SYRIA: Rape and Exploitation: Fears of Syria's Women Refugees

Date: 
Tuesday, April 2, 2013
Source: 
Channel 4
Countries: 
Asia
Western Asia
PeaceWomen Consolidated Themes: 
Sexual and Gender-Based Violence
Human Rights

Thousands of Syrians fled to Jordan's Zataari refugee camp to escape violence at home. But now women and children live in fear of kidnap, rape and sham marriages in the camp meant to keep them safe.

If agony has a sound, it is the cry to God made by 100-year-old Shatwah, as she sits broken and bereft in the Zaatari refugee camp in Jordan.

In her black hijab, she raises her hands to the sky, almost unable to make sense of her own distress. “Bashar, Bashar,” she keeps crying. “Why are you butchering us?”

Shatwah (pictured above) is one of a hundred thousand Syrians whose home is now the sprawling, tented city of Zataari. They fled the fighting to seek shelter and safety. But for many women the camp has offered them anything but a safe haven.

“Three girls in our camp were kidnapped,” explains Israa Mohammed. “They raped them. Then they brought them back to the camp. The Jordanian guys, they come to harass Syrian girls from the age of seven or six.”

They see we don't have money. They want to exploit us. Give me your daughter for 200,000 lira or 100,000 lira. It's exploitation. Abu Sanad, father

Such reports of women being kidnapped, assaulted or raped abound around the camp. Women say security is non existent. They are too afraid even to go to the toilet at night alone.

“I come with my daughter, she enters and I stand here waiting for her,” says Um Hammad. “There are girls who don't come to the toilet at night. We stay until the morning, holding it in.”

Um Majed is a Syrian housewife from Homs. She says she understands the refugee families and women who give into the demands of the men from the Gulf offering desperately needed cash. These are “dark days” for Syrians, she offers up by way of reasoning.

She has chosen her own way to deal with such bleak times.

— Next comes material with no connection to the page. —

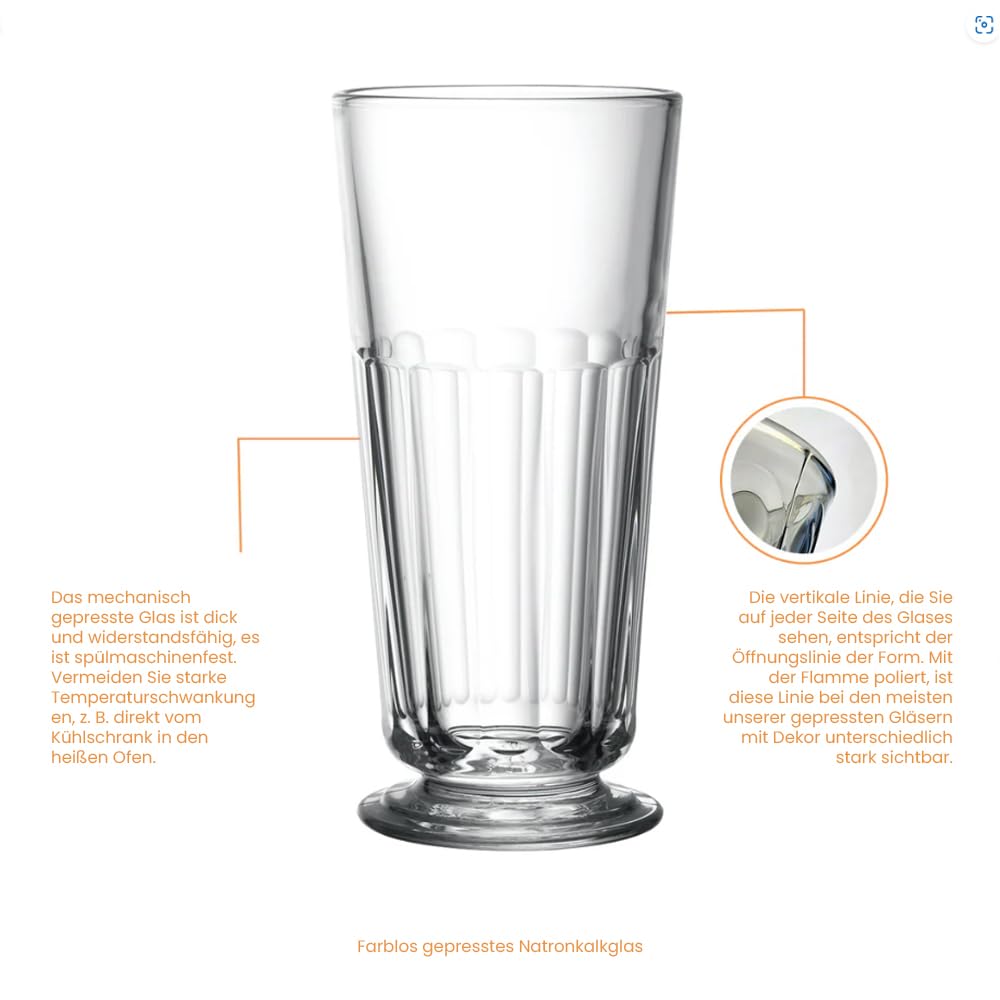 La Rochère Longdrinkglas Perigord 380 ml - 6er Set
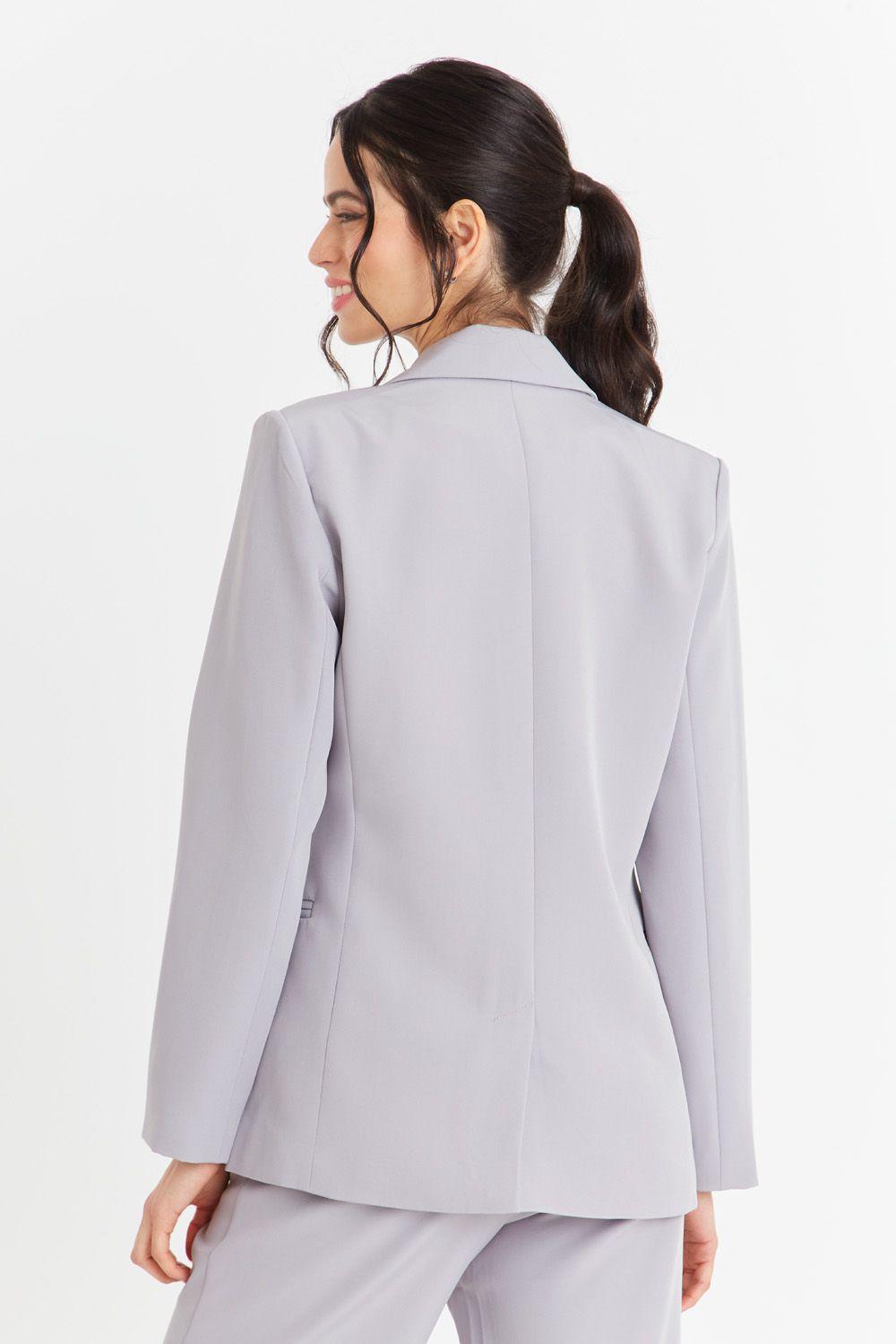 Blazer Básico de Tope Gris Nicopoly-3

She has become a marriage broker, offering Syrian girls for sex.

“He comes for a coffee and he sees her with her hijab, he pays the 100 dinar and leaves,” says Um Majed, outlining the charges. “If he wants to marry her, he has to pay 1,000 or more. He has to sign a marriage agreement and he takes her and even after one hour they can get divorced. It's none of my business.”

Vigilantes

Frustrated by the authorities' inability to deal with this problem, residents of the camp are forming vigilante groups. They patrol the area, they say to protect their women. They mete out their own justice on the men they decide are the perpetrators.

It is one of many problems the authorities now face. Young men, angry, frustrated and bored are running out of control. Several riots have broken out in the camp.

The United Nations says it is working hard with the Jordanian government to set up a proper policing structure and have announced a new security initiative.

But it may never ease the pain of the women refugees. That will only be soothed when they are allowed to go back to their beloved Syria.

Um Majed throws her head back and sighs. “I wish to go back to Syria. I wish to breathe the air of my country. Inshallah, I will go back.”

But it is more in hope than expectation. She recognises what their future might hold.

“I hope we don't have the same destiny of the Palestinians who went out of their country and never went back.”

The film on the plight of Syria's refugees will be shown on Channel 4 News on Thursday from 7pm. It was directed, produced and filmed by Sharron Ward. The editor was Agnieszka Liggett and associate producer was Yasmin Al Tellawy.

The marriage market

As well as the fear of attack , there is another more insidious assault on the women and girls of Zaatari. Men – usually from Saudi Arabia and other gulf states – are given free rein at the camp. Coming in the guise of benefactors offering charity, in return many want a wife.

But these are marriages of convenience – for the men at least. So called “pleasure marriages”, they give cover – a sheen of respectability – to what is often wealthy men exploiting vulnerable women for sex.

Abu Sanad is the father of two daughters. “People from Jordan, from Saudi Arabia, from Qatar, they come and ask: ‘Do you want to give your daughters for marriage?'” he said.

“What do they see us as? A market place for selling? Like selling sheep. They see we don't have money. They want to exploit us. ‘Give me your daughter for 200,000 lira or 100,000 lira'. It's exploitation.”

The men often promise the earth. “Lama” says she was told she would “live like a princess.” But the reality often means a few days or weeks out of the camp, then they are dumped alone in Jordan, or left to come back to Zaatari, humiliated and abused.